§ RECORDED INFORMATION
☆ ☆ ☆ ☆ ☆ ☆ ☆

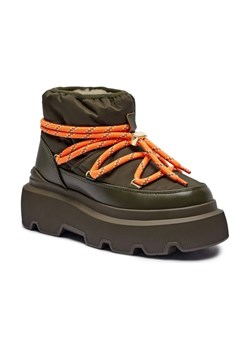 INUIKII Śniegowce ENDURANCE PUFFER | z dodatkiem skóry ze sklepu Gomez Fashion Store w kategorii Śniegowce damskie - zdjęcie 184310225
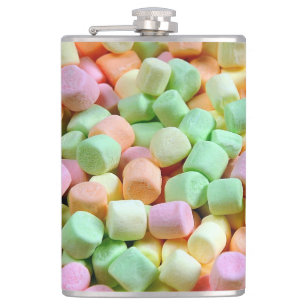 Miniatuurmarshmallows Heupfles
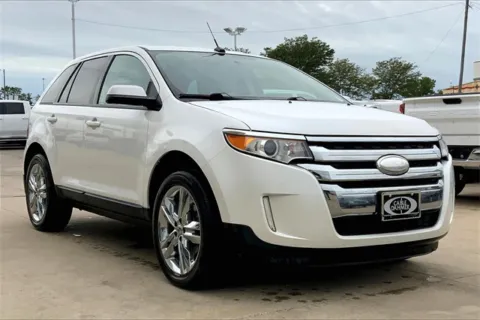 White 2013 Ford Edge SEL for sale in Topeka, KS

☆ ☆ ☆ ☆ ☆ ☆ ☆

§ PROBLEM DETAILS
Here the job is to quote the lines from the one with "Miniatuurmarshmallows Heupfles" through the end of the material, both included, exactly; please skip the pictures.

§ TASK OUTPUT
 Miniatuurmarshmallows Heupfles
 White 2013 Ford Edge SEL for sale in Topeka, KS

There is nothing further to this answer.